Kate Hampton, Chief Executive Officer, Children's Investment Fund Foundation
Sarah Ditty, Head of Policy, Fashion Revolution
Giorgina Waltier, Sustainability Manager, H&M UK & IE
Pamela Mar, Executive Vice President, Supply Chain Futures, and Director, Sustainability, Fung Group
Orr Yarkoni, CEO and Co-Founder, Colorifix
Fee Gilfeather, Head of Retail Brand and Customer Experience, Oxfam
Fashion is one of the world’s largest consumer industries. In 2016, apparel and footwear generated $1.5 trillion in annual revenues and employed around 60 million people along its value chain. Meanwhile, much of the sector is notoriously unsustainable, consuming 98 million tonnes of non-renewable resources such as oil, fertilisers and chemicals per year for production purposes. The environmental impact of fast fashion in particular is increasingly well documented with three out of five items of clothing ending up in landfills or incinerators within one year of being made, and half a million tonnes of plastic microfibers shed during washing ending up in our oceans and food chain. Yet incumbents and start-ups alike are trialling a range of disruptive shifts from new materials and production methods to innovative business models and designs to tackle the unsustainability of this ever-growing industry.
Can these innovative ideas, designs, business models and materials help reinvent the future of fashion?
This event, organised by the Hoffmann Centre for Sustainable Resource Economy at Chatham House in collaboration with the Circular Economy Club, will bring together consumers, designers, retailers, innovators, material scientists, business and media leaders, policy makers and campaigners to discuss the range of cutting edge technologies that could shape the future of fashion.

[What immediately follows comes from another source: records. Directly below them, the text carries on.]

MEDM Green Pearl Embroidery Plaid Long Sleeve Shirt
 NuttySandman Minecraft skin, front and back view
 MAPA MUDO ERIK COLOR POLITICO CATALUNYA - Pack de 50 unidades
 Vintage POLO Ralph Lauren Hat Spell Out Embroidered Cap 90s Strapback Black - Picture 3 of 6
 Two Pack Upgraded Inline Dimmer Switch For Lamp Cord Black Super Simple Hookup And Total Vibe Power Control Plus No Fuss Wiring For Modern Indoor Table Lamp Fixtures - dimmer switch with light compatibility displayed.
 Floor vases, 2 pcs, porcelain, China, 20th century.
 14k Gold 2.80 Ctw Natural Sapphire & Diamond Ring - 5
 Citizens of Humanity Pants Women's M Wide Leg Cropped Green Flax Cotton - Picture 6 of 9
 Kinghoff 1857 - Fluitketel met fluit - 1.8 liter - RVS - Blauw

The Sustainable Angle, a not for profit organisation that initiates and supports projects which contribute to minimising the environmental impact of industry hosted an exhibition at Chatham House after the panel. Their largest project, the Future Fabrics Expo, is a platform to discover more sustainable textiles and innovations for the future of fashion.
Bernice Lee, Executive Director of the Hoffmann Centre and Dr. David Greenfield of the Circular Economy Club welcomed attendees to Chatham House.
Sarah Ditty, Head of Policy at Fashion Revolution
"As a society, we purchase 400% more clothes and garments then we did 20 years ago. Sustainable fashion is about meeting today’s needs while ensuring that the way we go about meeting those needs meet future needs as well."
Giorgina Waltier, Sustainability Manager at H&M UK & IE
"H&M wants to lead the change to a more sustainable fashion industry. We launched a new strategy to become a 100% circular and renewable business, a 100% fair and equal business and 100% leading the change towards a more sustianable fashion future"
Pamela Mar, Director of Sustainability at the Fung Group
"The fashion industry is functioning in a top-down manner. Brands and retailers are asking for more in terms of environmental performance and in terms of being faster, more flexible and transparent but most suppliers in Asia are set up to be low cost and labour intensive."
Orr Yarkoni, CEO and Co-Founder of Colorifix
"Over the next 50-100 years, there is going to be a shift where most industrial activities is going to be more closely linked to nature. Colorifix is trying to change the way we dye fabrics by finding colors in nature using natural pigments."
Fee Gilfeather, Head of Retail Brand and Customer Experience at Oxfam
"232,000 tonnes of clothing were diverted from landfill through the charity retail market in the UK last year. Oxfam is aiming to promote and make it more fashionable for people to wear second-hand clothes."